Pubblicato 21/06/2019 alle 07:20 GMT+2

Prima del gruppo C, agli ottavi di slancio nonostante il rigore di Marta: salire sul carro è un esercizio comodo, facile. Il problema è governarlo...

Focus Italia femminile

Credit Foto Eurosport

Alludo alla Nazionale femminile di calcio e alle emozioni che sta suscitando, come ha ribadito il boom di 7,3 milioni di tele-spettatori per la partita con il Brasile: meglio dei maschi del Mancio. Il messaggio è importante, sempre, ma lo è ancora di più il mezzo che lo diffonde: e la durata che il messaggio-evento riesce a imporgli.
Nessun dubbio che, finalmente, qualcosa si sia mosso. Sky ha raccontato in diretta le partite salienti dell’ultimo campionato di serie A; i grandi club hanno aperto una sezione femminile; Sky e la Rai stanno trasmettendo il Mondiale. Le nostre sono dilettanti e, cavalcando l’onda del sentimento popolare, il presidente federale Gabriele Gravina ha promesso che farà di tutto per agevolarne lo sbarco nel professionismo. Temo che sia la solita promessa da marinaio, ma «di doman non c’è certezza» e allora incrociamo le dita.
"Il calcio non è uno sport per signorine" lo coniò Guido Ara, mitica e rustica colonna della Pro Vercelli pluri-campione degli anni dieci del Novecento. Ci siamo un po’ allontanati, da quello slogan, ma mica tanto.
In un mondo maschilista come il nostro - nello sport, soprattutto - l’errore più sciocco rimane pesare le donne sulla bilancia degli uomini, Serena Williams con Rafa Nadal, le calciatrici con i calciatori, eccetera. Sono tutti confronti improponibili, perché la base è il corpo, il muscolo e i corpi, i muscoli sono diversi: "natura non facit saltus".
All’Olimpiade di Pechino seguii la finale women tra Stati Uniti e Brasile, 1-0 per «le» Usa. In undici anni ci sono stati progressi netti: a livello atletico, sul piano tattico e tecnico, nei colpi di testa. E anche nei ruoli. Penso alle «portiere». Si rida pure, di certi strafalcioni che sussistono e persistono, a patto di non esagerare: l’epilogo della Champions del 2018 fra Real e Liverpool fu decisa proprio dalle papere di "un" portiere.
Mi auguro che, digerita la grande abbuffata, giornali, televisioni e web non abbandonino le nostre ragazze, che torneranno a sparpagliarsi per campanili.

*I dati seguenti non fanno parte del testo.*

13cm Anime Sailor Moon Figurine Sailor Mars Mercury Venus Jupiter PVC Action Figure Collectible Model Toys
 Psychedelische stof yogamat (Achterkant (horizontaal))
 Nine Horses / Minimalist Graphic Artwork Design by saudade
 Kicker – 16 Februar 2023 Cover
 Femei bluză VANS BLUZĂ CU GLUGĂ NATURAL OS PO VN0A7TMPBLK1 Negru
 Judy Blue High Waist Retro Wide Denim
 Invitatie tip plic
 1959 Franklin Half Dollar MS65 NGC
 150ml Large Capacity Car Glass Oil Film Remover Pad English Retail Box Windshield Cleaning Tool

Noi italiani siamo un popolo che difficilmente finisce la guerra con l’alleato con il quale l’ha cominciata e dunque, metafora per metafora, siamo un popolo che fatica a restate fedele a un’idea che non sia la vittoria.
La Nazionale di Milena Bertolini sta esprimendo un calcio semplice, educato, in bilico fra sofferenza e divertimento, fondato sul mutuo soccorso. E se la tripletta di Cristiana Girelli alla Giamaica ci fa correre non solo a Carolina Morace, ma addirittura a "Paolorossi", scritto tutto attaccato come "Saragama", bé, l’aggancio non può che essere statistico.
Il fatto che se ne parli come mai in passato è però un segnale prezioso. Nella speranza di arrivare al traguardo più normale e, quindi, più rivoluzionario: il calcio né per signorine né per signorini, il calcio per tutti.
In attesa della Cina, martedì a Montpellier, qual è la vostra opinione? E cosa resterà, secondo voi, di questa saga?